(Scraped caption text data)
************
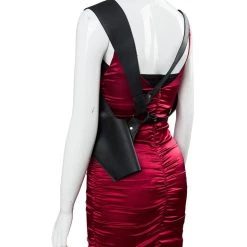CosplaySky Resident Evil 2 Remake Re Ada Wong/Wang Trenchcoat Red Dress Cosplay Costume 17 CosplaySky Resident Evil 2 Remake Re Ada Wong/Wang Trenchcoat Red Dress Cosplay Costume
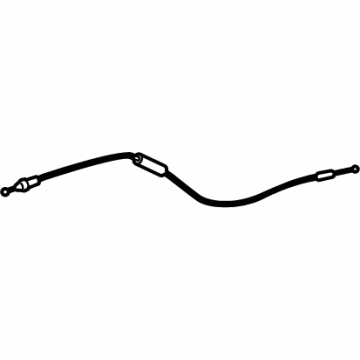 Toyota 69730-48090 Lock Cable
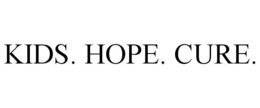 KIDS. HOPE. CURE. trademark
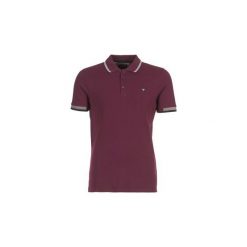 Koszulki polo z krótkim rękawem Guess ALEXANDER. Czerwone koszulki polo męskie Guess, xl, z aplikacjami, polo, z krótkim rękawem, krótkie. Za 159,20 zł.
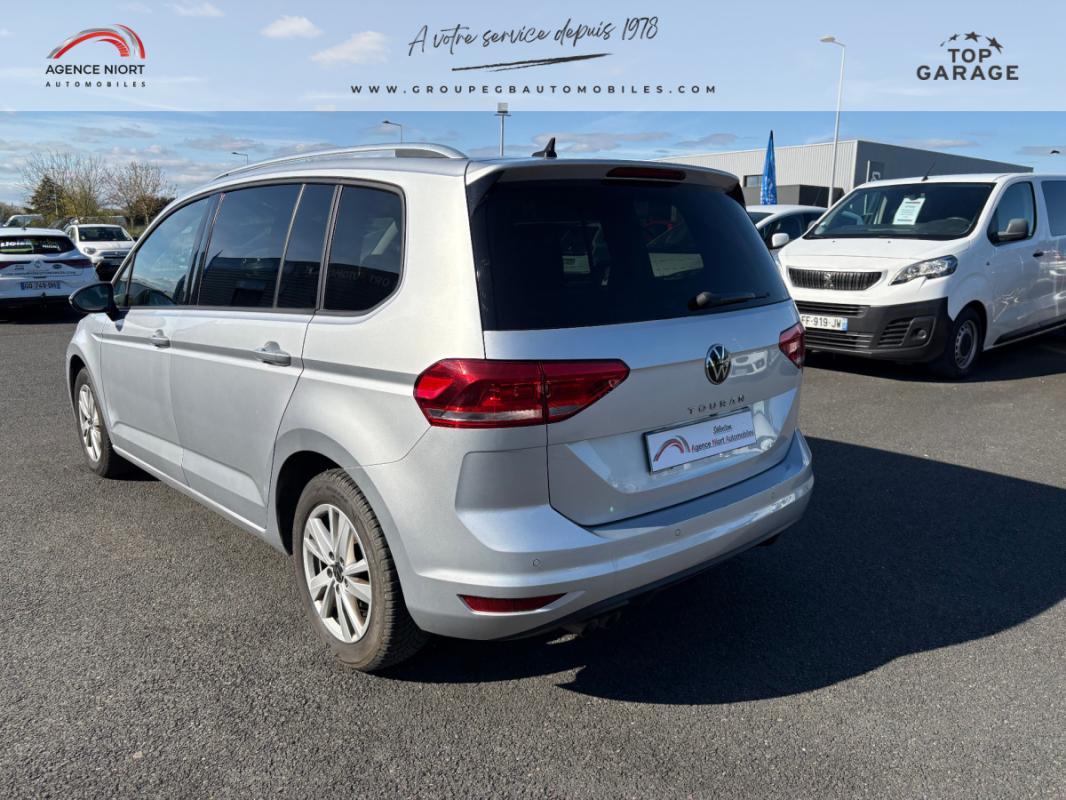 Volkswagen Touran BUSINESS 2.0 TDI 150 DSG7 Life 7-S 5 portes (oct. 2022) (co2 140)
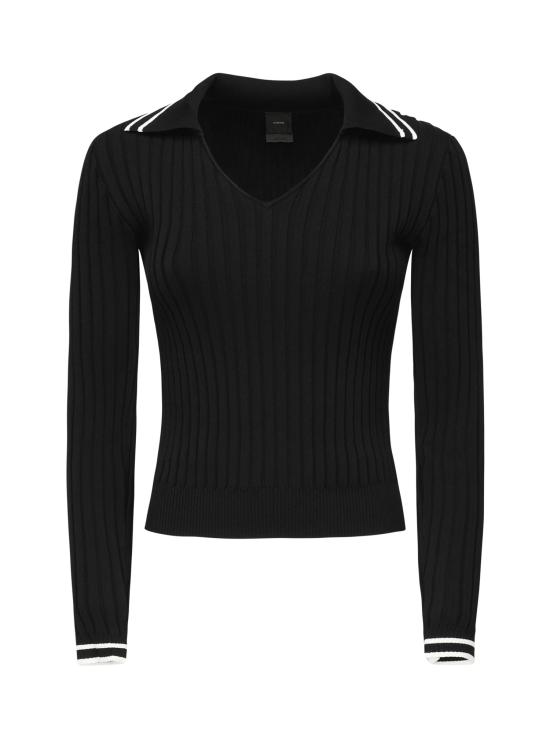 25FW 핑코 스웨터 105418 A2PSZ99 Black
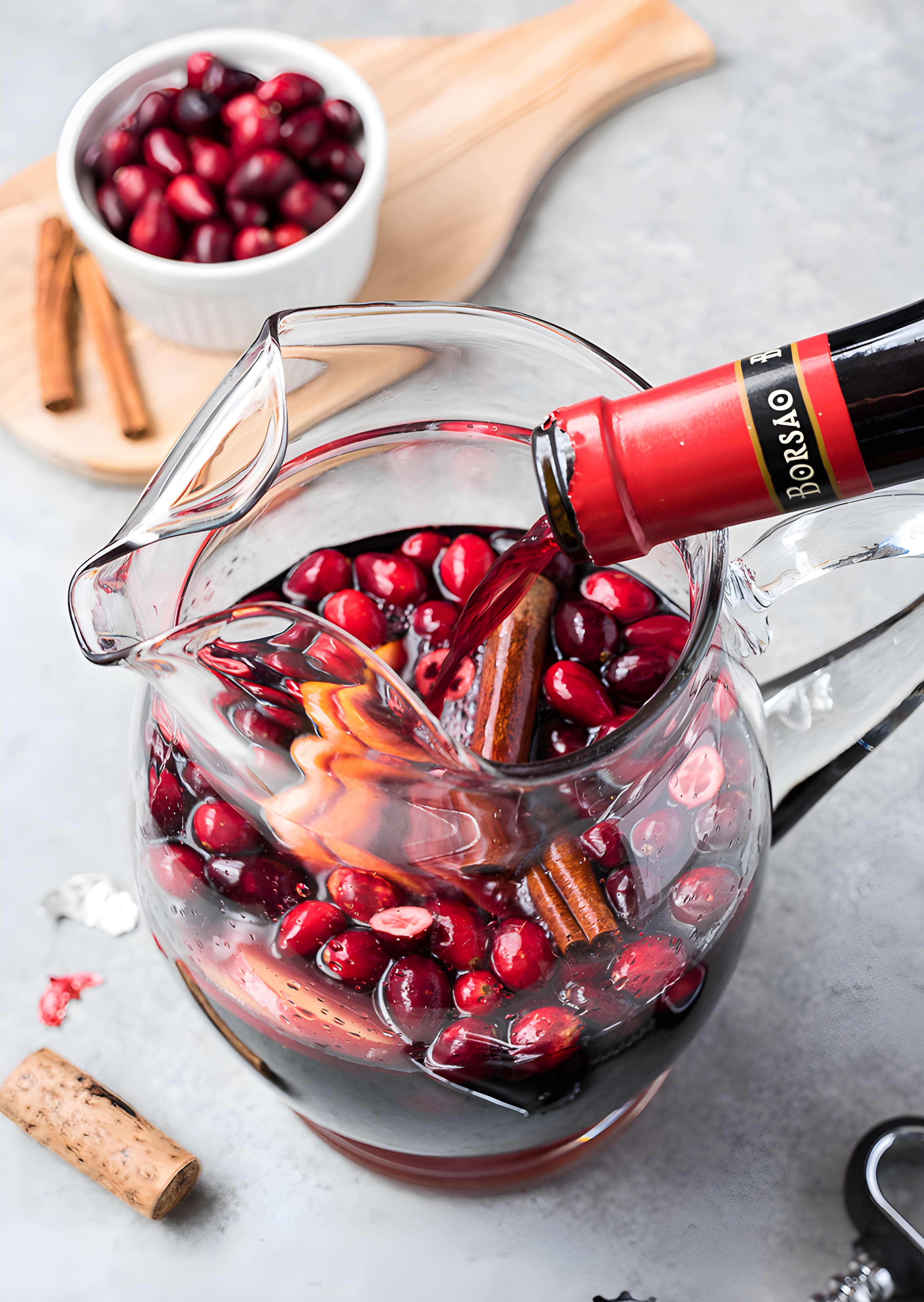 Cranberry Sangria
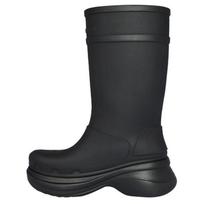 Balenciaga X Crocs Boot Black 677384W1S8E1000 44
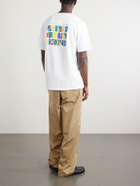 Aimé Leon Dore - Printed Cotton-Jersey T-Shirt - White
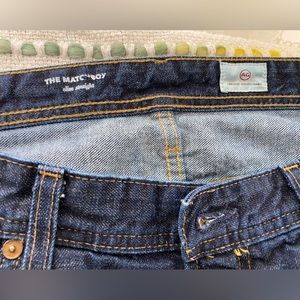 AG Dark Blue jeans 34 and H&M dark blue jeans 34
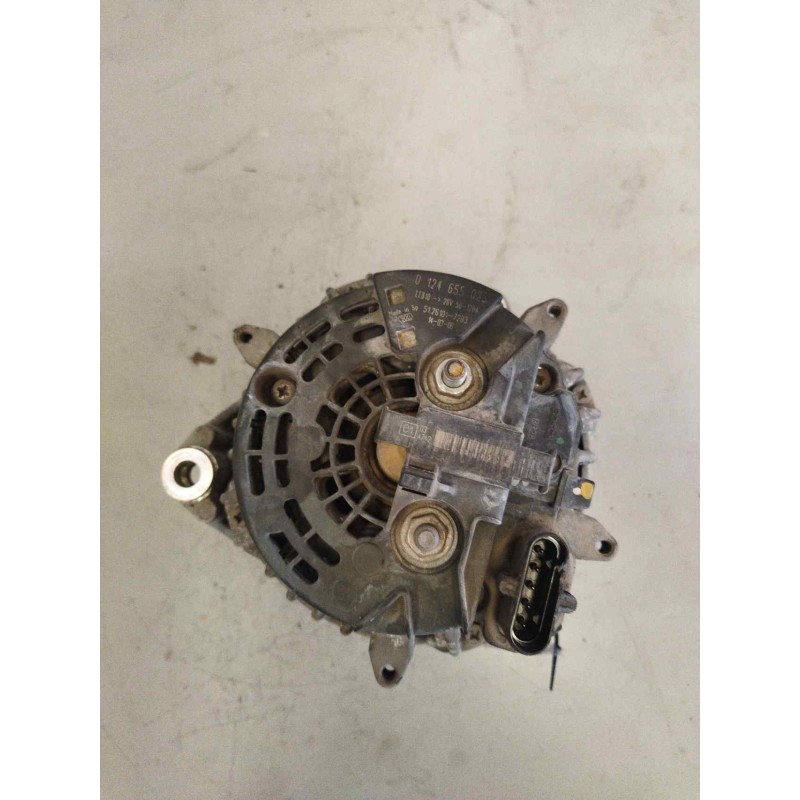 Recambio de alternador para man tgx 18.480 12.4 diesel referencia OEM IAM 51261017283 0124655025 28V 50-120A - Blanco 2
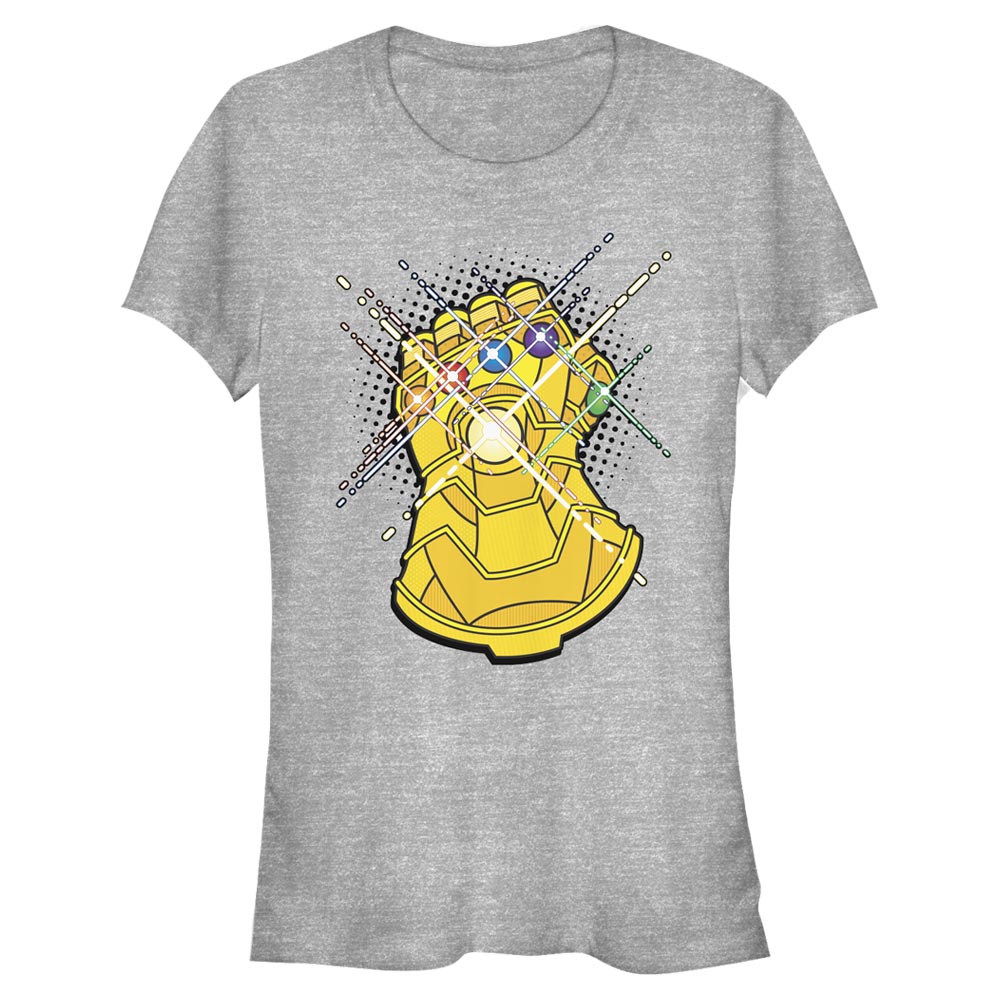 Marvel - Avengers - Gauntlet Gold - Femme T-shirt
************
In the copy, leave out all pictures, and retype exactly each line from the one with "Recambio de alternador" through the last line of the entries.

 Recambio de alternador para man tgx 18.480 12.4 diesel referencia OEM IAM 51261017283 0124655025 28V 50-120A - Blanco 2
 Marvel - Avengers - Gauntlet Gold - Femme T-shirt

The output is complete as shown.